# Labeling Zalando pics - 2nd round

## Miguel Ángel Canela, IESE Business School

******

### Introduction

This example continues with the development of neural network classifiers for the Zalando images. In the data set, every row stands for an image.  

### Importing the data

The data come in seven parts, which I import one by one and put them together with the Pandas function `concat`.

In [1]:
import pandas as pd
# folder = 'https://raw.githubusercontent.com/mcanela-iese/ML_Course/master/Data/'
folder = ''
df1 = pd.read_csv(folder + 'zalando1.csv')
df2 = pd.read_csv(folder + 'zalando2.csv')
df3 = pd.read_csv(folder + 'zalando3.csv')
df4 = pd.read_csv(folder + 'zalando4.csv')
df5 = pd.read_csv(folder + 'zalando5.csv')
df6 = pd.read_csv(folder + 'zalando6.csv')
df7 = pd.read_csv(folder + 'zalando7.csv')
df = pd.concat([df1, df2, df3, df4, df5, df6, df7], axis=0)

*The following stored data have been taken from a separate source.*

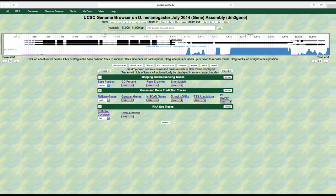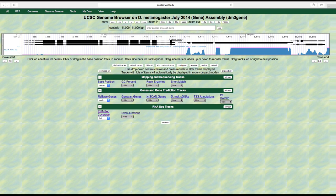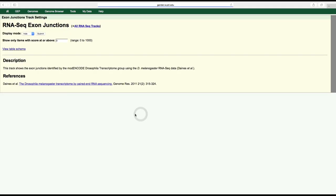In addition to RNA-Seq coverage, it is often also helpful to consider splice junction prediction data that are derived from the subset of RNA-Seq reads that span two or more exons, known as spliced RNA-Seq reads. To visualize these predictions, click on the exon junctions link under the RNA-Seq track section, use the drop-down menu to select pack, and then click submit.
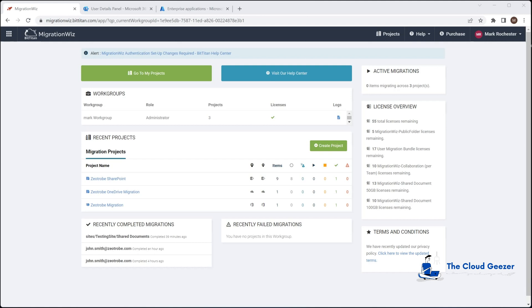Hello and welcome. In this session we are going to create a Microsoft Teams migration project inside the BitTitan MigrationWiz console. We will apply all the rights necessary on both tenants to facilitate that migration, and I'm going to take you through the entire process end-to-end and what we need to do to have a working Teams project.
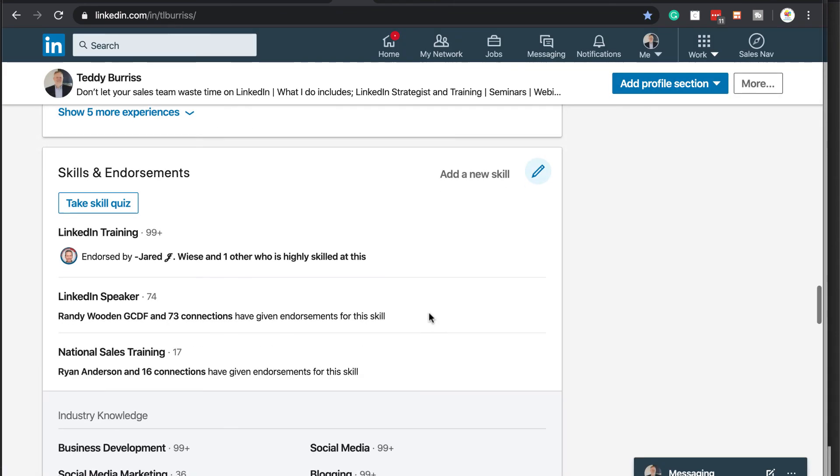And then it kicks you out of skills and endorsements and you're done. And if you see that you have something you don't want or if you see you don't have an order you want to have it in, again, go into the pencil, edit, delete a skill, reorganize a skill, and or pin a skill.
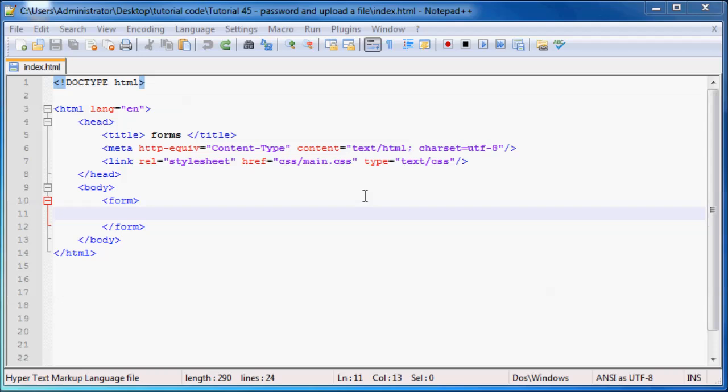Hey YouTube, how's it going and welcome to tutorial number 45. In this tutorial I'm going to show you guys how to create a password entry field and how that differs from just a normal text entry field.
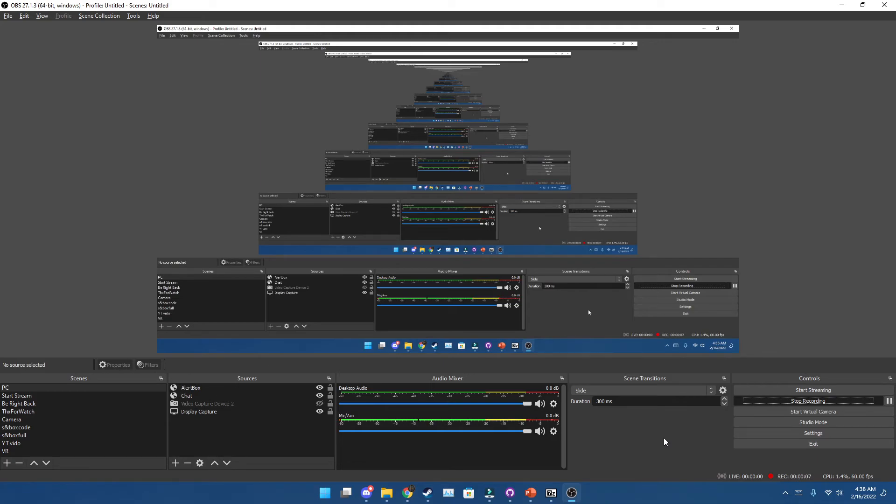Hello everyone, welcome back to another episode of Toolbox. Today I'll be showing you how to download older versions of Sandbox using the Depot Downloader.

Next, I split the data set into a **features matrix** and a **target vector**, normalizing the features in the usual way.

In [2]:
import numpy as np
X = df.iloc[:, 1:].values
X = X/255
y = df.iloc[:, 0].values

I split the data with `train_test_split`, keeping 10,000 images for testing.  

In [3]:
from sklearn import model_selection
X_train, X_test, y_train, y_test = \
    model_selection.train_test_split(X, y, test_size=1/7)

### Our former model in Keras

The specification of neural network architectures in deep learning implementations is necessarily more complex than in libraries which are limited to MLP networks, due to the extra possibilities offered. So long, Keras seems to offer the simplest approach. 

In my first example, I come back to the MLP architecture which I already tried in scikit-learn, consisting in a single hidden layer with 32 nodes. I import the three modules that I actualyy need, `utils`, `models` and `layers`: 

In [4]:
from keras import utils, models, layers

Using TensorFlow backend.


To specify a classifier in Keras, the target vector has to be transformed To specify a classifier in Keras, the target vector has to be transformed into a matrix in which each column is a dummy associated to one of the target values. This can be done in many ways, using Pandas or scikit-learn. In Keras itself, it is done with the function `to_categorical`, from `utils`.

In [5]:
y_train = utils.to_categorical(y_train, dtype=int)
y_test = utils.to_categorical(y_test, dtype=int)

I use the class `Sequential` of the module `models` to specify the network architecture. I start initializing the class, with the default specification.

In [6]:
tfclf1 = models.Sequential()

In an ordinary MLP architecture, the layers added are specified with the class `layers`. In this first model, the hidden layer and the output layer are **dense**, that is, every node is connected to all nodes of the preceding layer. 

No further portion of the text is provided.